More than 8.5 billion records were compromised during 2019— resulting in a 200 per cent increase in exposed data reported year-over-year, according to a new report from IBM.
The end result is significant growth in the number of stolen credentials that cybercriminals can use as their source material.
IBM Security released its annual X-Force Threat Intelligence Index overnight, highlighting how cybercriminals’ techniques have evolved after decades of access to tens of billions of corporate and personal records and hundreds of thousands of software flaws, as 2019 became a year of old threats being used in new ways.
The report reveals attackers rely less on deception to gain access with 60 per cent of initial entries into victims’ networks leveraging either previously stolen credentials or known software vulnerabilities.
Phishing, while on the decline last year, remained in the top three initial attack vectors accounting for 31 per cent of incidents observed, compared to half in 2018.
The decrease in phishing may be attributed to cybercriminals increasingly using previously stolen credentials as a preferred point-of-entry in 29 per cent of observed incidents.
“Attackers won’t need to invest time to devise sophisticated ways into a business; they can deploy their attacks simply by using known entities, such as logging in with stolen credentials,” said Wendi Whitmore, vice president, IBM X-Force Threat Intelligence.
“The amount of exposed records that we see today means that cybercriminals are getting their hands on more keys to our homes and businesses,” she said.
The report found that the inadvertent insider is largely responsible for this significant rise in comprised data. Records exposed due to misconfigured servers — including publicly accessible cloud storage, unsecured cloud databases, and improperly secured rsync backups, or open internet-connected network area storage devices — accounted for 86 per cent of the records compromised in 2019.
Whitmore said organisations can mitigate exposed data risk through protection measures, such as multi-factor authentication and single sign-on, which are essential for the organisation-wide cyber resilience and the protection and privacy of user data.

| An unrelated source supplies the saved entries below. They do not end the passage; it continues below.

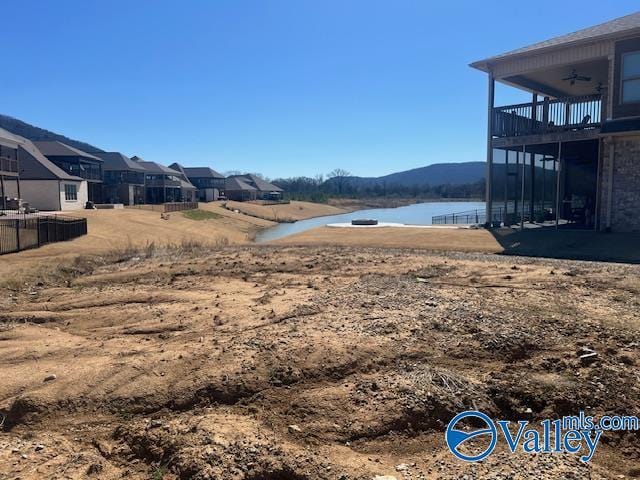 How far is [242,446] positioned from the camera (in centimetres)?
433

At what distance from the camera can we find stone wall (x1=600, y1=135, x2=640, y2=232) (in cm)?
1900

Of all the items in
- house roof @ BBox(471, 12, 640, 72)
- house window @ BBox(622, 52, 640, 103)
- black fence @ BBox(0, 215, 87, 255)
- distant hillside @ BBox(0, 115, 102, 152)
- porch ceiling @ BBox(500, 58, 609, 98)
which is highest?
distant hillside @ BBox(0, 115, 102, 152)

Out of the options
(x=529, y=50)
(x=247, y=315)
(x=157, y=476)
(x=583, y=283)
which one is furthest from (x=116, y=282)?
(x=529, y=50)

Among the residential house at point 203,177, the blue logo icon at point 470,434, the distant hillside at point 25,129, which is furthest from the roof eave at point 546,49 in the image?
the distant hillside at point 25,129

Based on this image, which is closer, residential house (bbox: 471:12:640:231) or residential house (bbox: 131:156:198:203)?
residential house (bbox: 471:12:640:231)

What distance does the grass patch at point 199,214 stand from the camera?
5169 centimetres

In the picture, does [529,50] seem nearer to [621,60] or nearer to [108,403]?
[621,60]

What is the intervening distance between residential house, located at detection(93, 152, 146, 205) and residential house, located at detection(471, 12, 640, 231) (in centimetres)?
4469

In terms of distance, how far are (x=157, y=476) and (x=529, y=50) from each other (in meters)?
Result: 23.0

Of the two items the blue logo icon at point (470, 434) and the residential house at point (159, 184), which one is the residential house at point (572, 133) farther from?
the residential house at point (159, 184)

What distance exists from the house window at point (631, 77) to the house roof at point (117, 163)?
52045mm

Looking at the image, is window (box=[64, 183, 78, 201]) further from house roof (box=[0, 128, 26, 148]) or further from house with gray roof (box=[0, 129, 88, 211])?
house roof (box=[0, 128, 26, 148])

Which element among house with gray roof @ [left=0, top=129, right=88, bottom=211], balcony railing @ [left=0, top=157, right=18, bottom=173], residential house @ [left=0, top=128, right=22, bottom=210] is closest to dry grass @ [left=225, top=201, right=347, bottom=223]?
house with gray roof @ [left=0, top=129, right=88, bottom=211]

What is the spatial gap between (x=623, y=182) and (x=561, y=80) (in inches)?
310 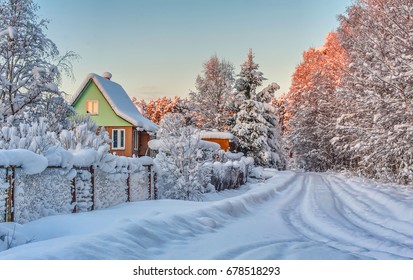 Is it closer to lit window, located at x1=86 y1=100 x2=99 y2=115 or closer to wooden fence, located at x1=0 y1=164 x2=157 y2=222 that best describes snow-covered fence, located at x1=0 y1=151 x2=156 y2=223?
wooden fence, located at x1=0 y1=164 x2=157 y2=222

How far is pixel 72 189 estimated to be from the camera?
34.5 feet

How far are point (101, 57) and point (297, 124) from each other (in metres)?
37.6

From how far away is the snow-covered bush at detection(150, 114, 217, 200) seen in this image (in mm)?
15406

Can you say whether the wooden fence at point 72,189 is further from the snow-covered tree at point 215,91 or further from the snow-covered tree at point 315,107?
the snow-covered tree at point 315,107

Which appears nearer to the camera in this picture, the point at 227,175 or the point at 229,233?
the point at 229,233

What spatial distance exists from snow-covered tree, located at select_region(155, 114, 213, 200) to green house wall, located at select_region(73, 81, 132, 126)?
1259cm

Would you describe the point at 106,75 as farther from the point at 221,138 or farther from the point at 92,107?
the point at 221,138

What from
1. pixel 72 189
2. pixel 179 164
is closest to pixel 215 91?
pixel 179 164

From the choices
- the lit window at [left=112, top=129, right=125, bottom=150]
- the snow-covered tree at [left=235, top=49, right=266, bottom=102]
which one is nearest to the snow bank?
the lit window at [left=112, top=129, right=125, bottom=150]

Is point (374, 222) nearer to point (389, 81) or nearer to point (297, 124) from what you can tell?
point (389, 81)

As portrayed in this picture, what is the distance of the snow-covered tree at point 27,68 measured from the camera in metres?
18.0

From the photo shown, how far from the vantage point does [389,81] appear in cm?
1822

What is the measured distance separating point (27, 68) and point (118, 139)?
35.6ft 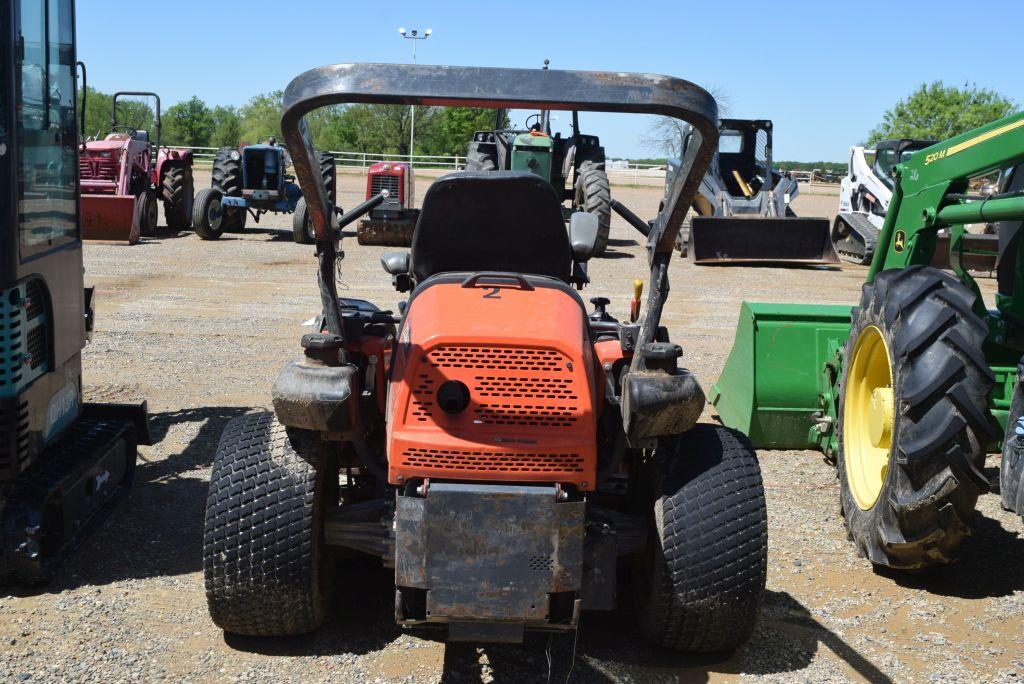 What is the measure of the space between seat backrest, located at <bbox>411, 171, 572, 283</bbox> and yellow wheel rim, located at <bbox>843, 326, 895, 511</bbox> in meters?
1.79

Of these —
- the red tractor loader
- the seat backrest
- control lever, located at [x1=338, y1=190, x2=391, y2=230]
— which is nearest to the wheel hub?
the red tractor loader

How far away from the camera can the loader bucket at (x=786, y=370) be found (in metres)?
6.67

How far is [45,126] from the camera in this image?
4.70 metres

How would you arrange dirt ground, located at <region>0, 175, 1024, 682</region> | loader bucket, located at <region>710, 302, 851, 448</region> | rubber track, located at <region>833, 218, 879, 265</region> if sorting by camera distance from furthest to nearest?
rubber track, located at <region>833, 218, 879, 265</region>
loader bucket, located at <region>710, 302, 851, 448</region>
dirt ground, located at <region>0, 175, 1024, 682</region>

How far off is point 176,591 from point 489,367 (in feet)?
6.02

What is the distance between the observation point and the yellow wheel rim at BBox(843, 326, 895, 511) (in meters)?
5.24

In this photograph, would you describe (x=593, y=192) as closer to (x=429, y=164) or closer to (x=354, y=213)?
(x=354, y=213)

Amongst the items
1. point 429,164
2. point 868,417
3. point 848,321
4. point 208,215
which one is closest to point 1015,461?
point 868,417

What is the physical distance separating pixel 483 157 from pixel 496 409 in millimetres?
15404

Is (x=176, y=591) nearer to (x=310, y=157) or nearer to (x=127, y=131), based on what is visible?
(x=310, y=157)

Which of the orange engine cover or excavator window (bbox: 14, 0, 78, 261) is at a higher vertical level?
excavator window (bbox: 14, 0, 78, 261)

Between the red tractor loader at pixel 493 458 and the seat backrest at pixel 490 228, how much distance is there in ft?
1.06

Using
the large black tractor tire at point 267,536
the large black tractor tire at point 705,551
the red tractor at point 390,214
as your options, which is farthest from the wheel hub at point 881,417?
the red tractor at point 390,214

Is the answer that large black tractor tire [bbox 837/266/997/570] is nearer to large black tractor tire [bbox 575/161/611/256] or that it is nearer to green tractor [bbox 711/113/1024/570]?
green tractor [bbox 711/113/1024/570] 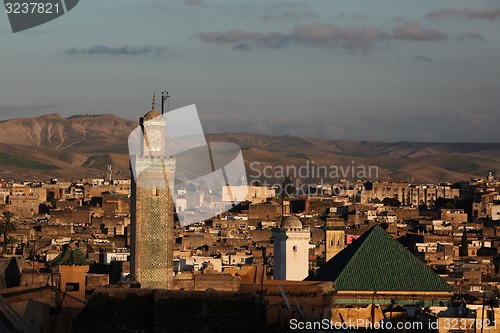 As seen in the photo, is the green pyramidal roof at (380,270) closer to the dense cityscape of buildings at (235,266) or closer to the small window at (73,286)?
the dense cityscape of buildings at (235,266)

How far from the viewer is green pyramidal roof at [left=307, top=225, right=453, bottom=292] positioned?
3036 cm

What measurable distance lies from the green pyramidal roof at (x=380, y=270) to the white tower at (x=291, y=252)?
726 centimetres

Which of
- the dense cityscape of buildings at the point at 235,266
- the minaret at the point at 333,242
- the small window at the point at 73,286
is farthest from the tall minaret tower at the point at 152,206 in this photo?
the small window at the point at 73,286

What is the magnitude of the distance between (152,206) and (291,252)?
12.4ft

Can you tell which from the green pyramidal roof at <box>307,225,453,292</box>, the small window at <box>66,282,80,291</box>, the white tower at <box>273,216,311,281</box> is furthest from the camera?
the white tower at <box>273,216,311,281</box>

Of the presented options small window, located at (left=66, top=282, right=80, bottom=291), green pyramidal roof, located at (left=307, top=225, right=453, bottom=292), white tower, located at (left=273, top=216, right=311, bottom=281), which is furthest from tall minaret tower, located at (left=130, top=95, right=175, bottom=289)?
small window, located at (left=66, top=282, right=80, bottom=291)

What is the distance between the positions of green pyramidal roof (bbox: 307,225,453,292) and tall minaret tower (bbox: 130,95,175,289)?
750cm

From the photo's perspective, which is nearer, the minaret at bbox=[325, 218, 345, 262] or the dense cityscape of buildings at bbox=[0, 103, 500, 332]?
the dense cityscape of buildings at bbox=[0, 103, 500, 332]

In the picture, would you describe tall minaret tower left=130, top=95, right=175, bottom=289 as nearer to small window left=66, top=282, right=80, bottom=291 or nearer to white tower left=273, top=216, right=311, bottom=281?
white tower left=273, top=216, right=311, bottom=281

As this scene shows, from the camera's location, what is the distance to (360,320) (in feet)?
75.4

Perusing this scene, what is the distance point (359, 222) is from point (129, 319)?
2865 inches

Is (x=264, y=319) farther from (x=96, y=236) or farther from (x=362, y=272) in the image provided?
(x=96, y=236)

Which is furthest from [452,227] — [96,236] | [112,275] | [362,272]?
[362,272]

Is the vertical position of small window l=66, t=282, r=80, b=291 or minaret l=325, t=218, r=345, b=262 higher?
minaret l=325, t=218, r=345, b=262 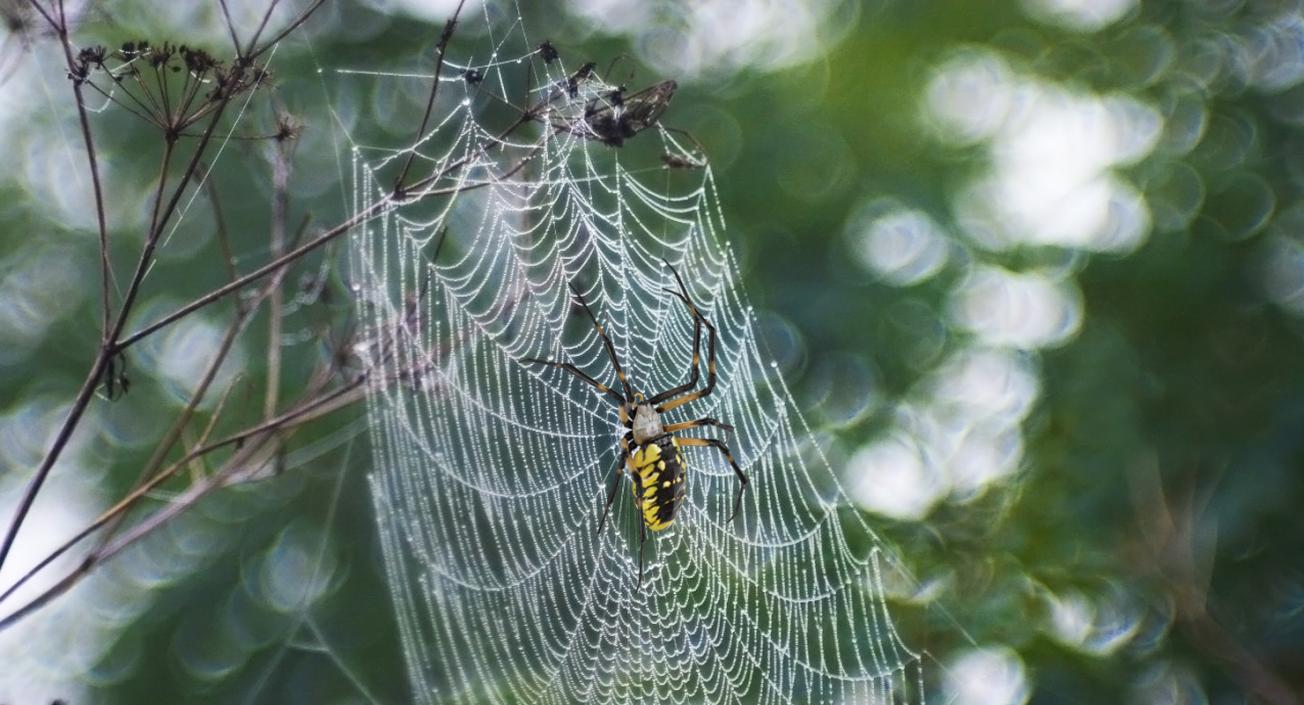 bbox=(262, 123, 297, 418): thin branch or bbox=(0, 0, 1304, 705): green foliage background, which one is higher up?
bbox=(0, 0, 1304, 705): green foliage background

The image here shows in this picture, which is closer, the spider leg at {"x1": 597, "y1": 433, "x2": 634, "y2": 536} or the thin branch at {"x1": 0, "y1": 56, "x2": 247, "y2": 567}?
the thin branch at {"x1": 0, "y1": 56, "x2": 247, "y2": 567}

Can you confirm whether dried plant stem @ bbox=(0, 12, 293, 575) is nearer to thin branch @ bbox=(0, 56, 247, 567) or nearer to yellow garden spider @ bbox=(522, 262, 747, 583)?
thin branch @ bbox=(0, 56, 247, 567)

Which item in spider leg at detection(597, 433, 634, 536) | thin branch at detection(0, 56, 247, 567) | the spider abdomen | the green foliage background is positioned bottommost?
thin branch at detection(0, 56, 247, 567)

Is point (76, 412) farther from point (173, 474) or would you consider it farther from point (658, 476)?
point (658, 476)

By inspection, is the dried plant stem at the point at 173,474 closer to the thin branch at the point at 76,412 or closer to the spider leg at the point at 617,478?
the thin branch at the point at 76,412

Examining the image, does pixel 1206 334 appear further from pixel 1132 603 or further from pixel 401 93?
pixel 401 93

Scanning and exploitation of vulnerabilities resulted in 30 per cent of observed incidents, compared to just 8 per cent in 2018, with known vulnerabilities in Microsoft Office and Windows Server Message Block still highly exploited in 2019, the report showed.
The IBM X-Force team said 150,000 vulnerabilities have been publicly disclosed, thus giving threat actors many scan-and-exploit choices to gain initial network access without having to expend resources to craft new cyber attack methods.
The report emphasised cyber adversaries are increasingly banking on organisations not keeping up-to-date with their patch application, even for vulnerabilities where patches have been available for some time. The report cited WannaCry infections continue to be observed for more than two years since the initial infection, despite the patch (MS17-010) becoming widely available.
At 31 per cent, phishing was the most frequent vector used for initial access in 2019, the reported stated, with technology and social media platforms the most commonly spoofed brands in phishing campaigns.
The report noted targeting social media or content streaming sites, such as Instagram and Spotify, may not provide threat actors with readily monetisable data, like stealing Google or Amazon accounts. However, threat actors are relying on individuals re-using their passwords between accounts and services and use these harvested credentials to gain access to more valuable accounts held by the same user, the report explained.
The IBM X-Force data showed imitated domains can be difficult for users to visually discern as authentic-looking fake sites can entice a user to divulge personal data on a malicious website if it resembles the original closely enough.
Due to phishing prevalence as an attack vector, IBM security recommends organisations have a solution in place to detect and block spoofed domains, such as Quad9 — a free DNS platform that protects users against known malicious domains by preventing their computers and IoT devices from connecting to malware or phishing sites.
The report warns risk surface will continue to grow in 2020, with more than 150,000 current vulnerabilities and new ones reported regularly. By leveraging threat intelligence to understand threat actor motivations better and tactics, building and training an incident response team and stress testing incident response plans; an organisation may be able to prioritise better security resources and mitigate some of the relevant risks they could face in the future, the report said.